“谢大人!”
村民们蜂拥而至,有一人站在原地没动,在他们其中极为显眼。
那是一位少年,生得细皮嫩肉,身上虽穿着粗布麻衣,但那衣裳极新,一看就是并未浆洗过的粗布。
他脖子上起了一片红疹子,他时不时就要无意识地伸出手,挠脖子。
这无形中给沈筝传递了一个信息:他家境应当不错,平日里少说穿的是绸缎衣裳,今日他为了掩饰自己的身份,才临时买了身粗布衣裳穿上。
村民们都围上来之后,他还是站在原地不动,一直盯着沈筝看,眼中含恨。
沈筝觉得有些莫名其妙。
同安县会有人恨她?且还是个富贵人家的小公子?
不是她自傲,照如今同安县的局势来看,应当没人如此恨她才是,因为她从未动过哪位地主乡绅的蛋糕。
那这位少年的来历就很耐人寻味了。
沈筝轻声问道身旁的村民:“这位婶子,那位少年,你可认识?”
这婶子只转头看了一眼,便自信回道:“大人,那小孩不是咱们南坝村人,是不是来谁家走亲戚的?”

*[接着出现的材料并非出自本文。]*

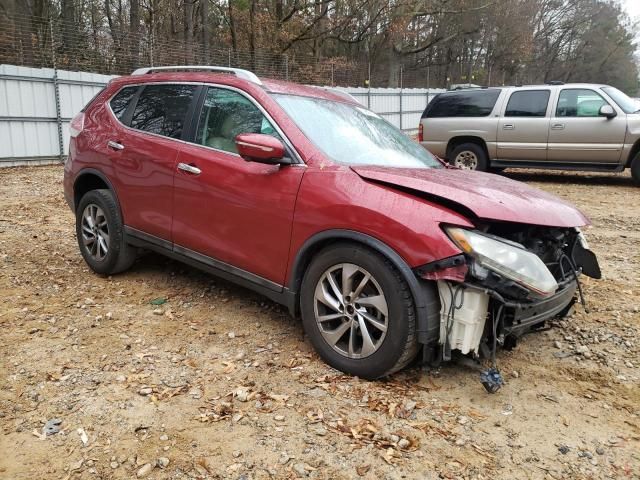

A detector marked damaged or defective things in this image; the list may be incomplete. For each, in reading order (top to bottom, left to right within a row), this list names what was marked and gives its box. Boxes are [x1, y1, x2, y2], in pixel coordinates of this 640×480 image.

damaged front end [416, 223, 600, 392]
broken plastic debris [43, 418, 62, 436]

她说完就扒拉着另几个村民问道:“你们可认识那个小少年?”
几人随着她的视线看过去,摇头,“不认识。”
“这就奇怪了。”婶子念道,“若是来偷稻谷的,也不应该派个毛头小子才是啊。”
沈筝听了轻笑出声,朝四周看了看,并未发现有随从模样的人在。
看来这小子还是自己偷跑出来的。
说他没脑子吧,他知道换身便宜衣裳,说他有脑子,他又一人前来,就那么大剌剌地恨着自己。
沈筝并不担心他会做什么,俗话说得好,咬人的狗不叫。
若是他真有害人之心,就不会只在那里傻站着看,他站在那里,仿佛只是单纯地表达自己的恨意而已。
沈筝与他遥遥对视,那少年率先败下阵来,移开了视线。